== Goal of the exercise ==
Without the pictures, output the records below exactly as they are.

== Data records ==
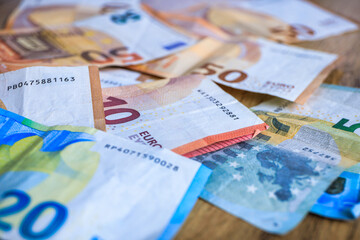 Banknotes of different denominations of euro on the desk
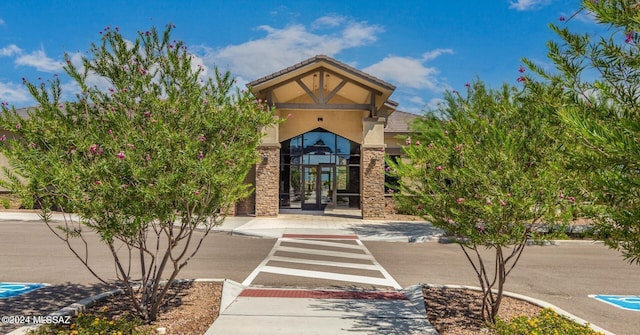 view of exterior entry with stone siding, french doors, and stucco siding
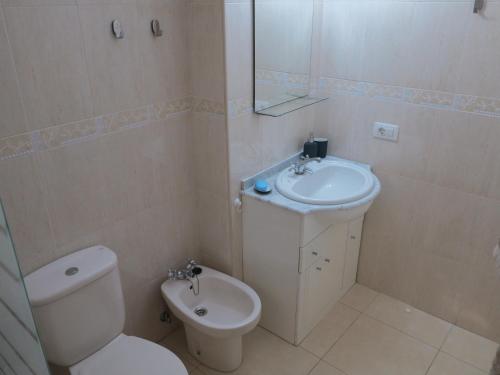 a white bathroom with a toilet and a sink at Brisas del Mar in Los Abrigos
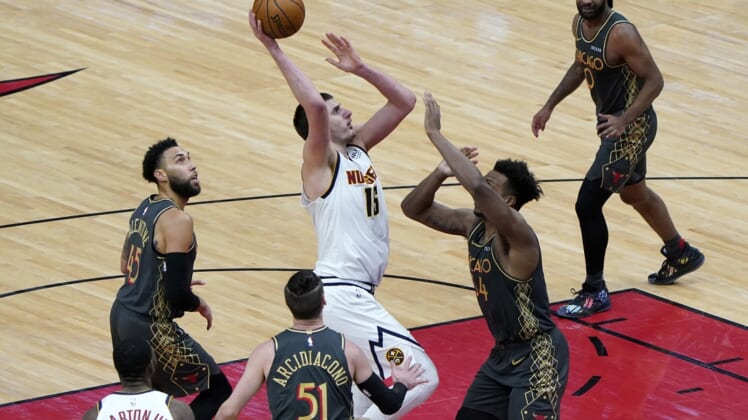 Mar 1, 2021; Chicago, Illinois, USA; Denver Nuggets center Nikola Jokic (15) shoots the ball over Chicago Bulls center Wendell Carter Jr. (34) during the fourth quarter at the United Center. Mandatory Credit: Mike Dinovo-USA TODAY Sports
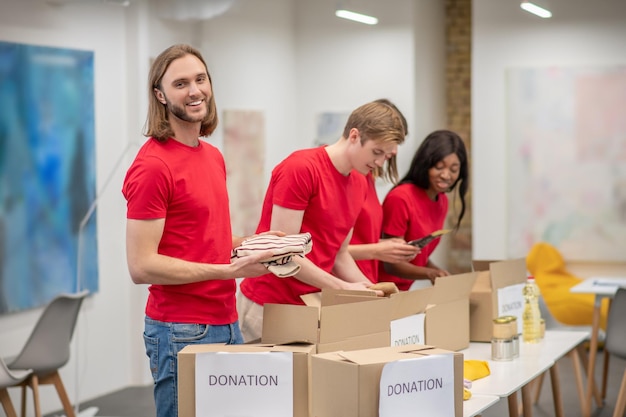 Jeunes en rouge emballant les cartons avec l'aide humanitaire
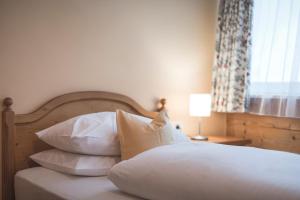 Postel nebo postele na pokoji v ubytování Hotel Bad Salomonsbrunn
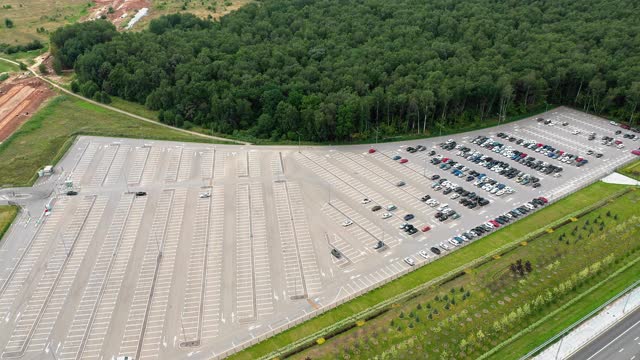 一个大的半空停车场附近的多车道高速公路和建设高速公路。周围是绿色的田野和森林。路上交通方便。从上升的无人机高空角度观看。摄像机在向上移动。视频素材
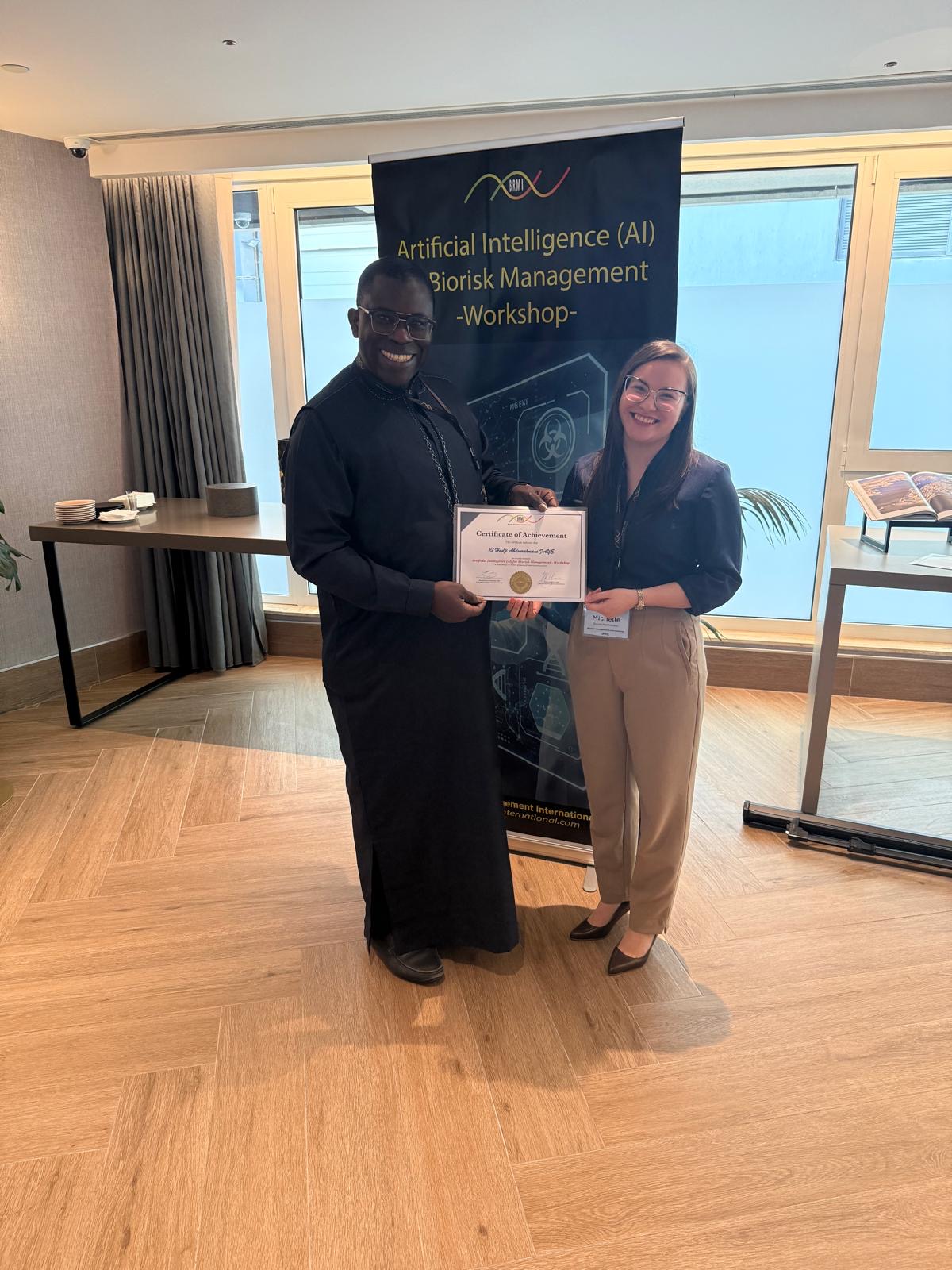 Michelle handing a certificate to a workshop participant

== Answer to this exercise ==
 Banknotes of different denominations of euro on the desk
 view of exterior entry with stone siding, french doors, and stucco siding
 a white bathroom with a toilet and a sink at Brisas del Mar in Los Abrigos
 Mar 1, 2021; Chicago, Illinois, USA; Denver Nuggets center Nikola Jokic (15) shoots the ball over Chicago Bulls center Wendell Carter Jr. (34) during the fourth quarter at the United Center. Mandatory Credit: Mike Dinovo-USA TODAY Sports
 Jeunes en rouge emballant les cartons avec l'aide humanitaire
 Postel nebo postele na pokoji v ubytování Hotel Bad Salomonsbrunn
 一个大的半空停车场附近的多车道高速公路和建设高速公路。周围是绿色的田野和森林。路上交通方便。从上升的无人机高空角度观看。摄像机在向上移动。视频素材
 Michelle handing a certificate to a workshop participant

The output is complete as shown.